YOUR TASK:
A word-for-word copy of the listing is required, and it must contain no pictures.

RECORDED DATA:
--- START ---

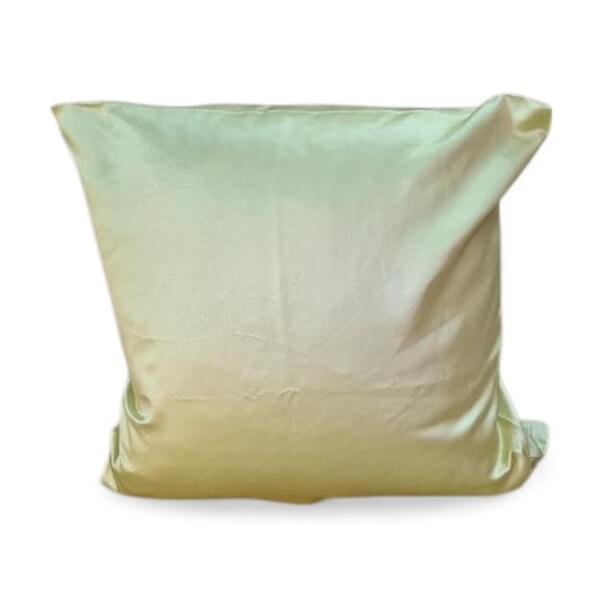 Light green pillow for rent – Hodaya | Rentlyz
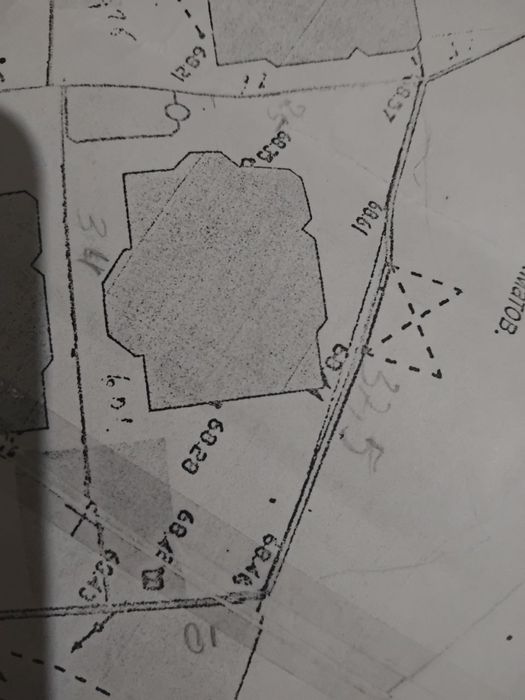 М.Улугбек район Амир Темур махалла 2519 оринтир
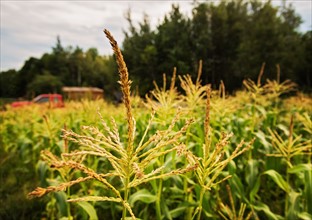 USA, Maine, Knox, Corn growing in field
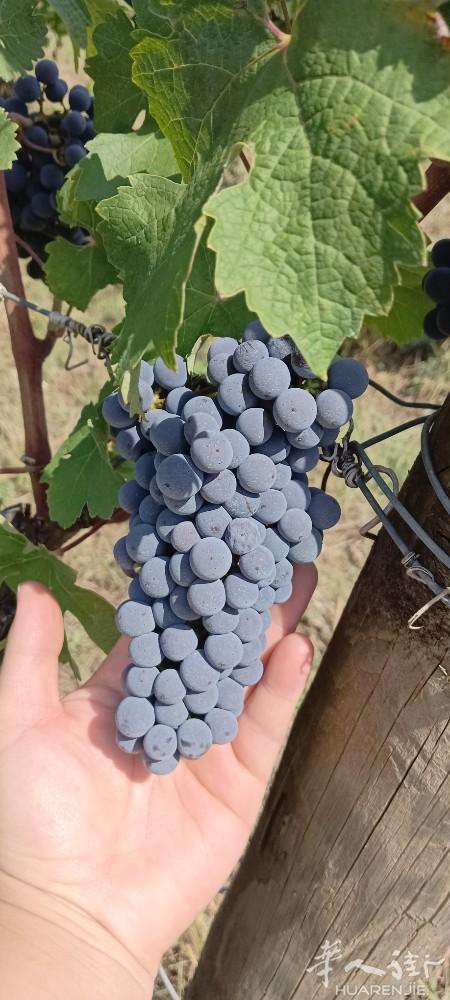 找托斯卡纳，emilia romagna地区酒吧 吧台营业额700/800以上的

--- END ---

ANSWER SPACE:
 Light green pillow for rent – Hodaya | Rentlyz
 М.Улугбек район Амир Темур махалла 2519 оринтир
 USA, Maine, Knox, Corn growing in field
 找托斯卡纳，emilia romagna地区酒吧 吧台营业额700/800以上的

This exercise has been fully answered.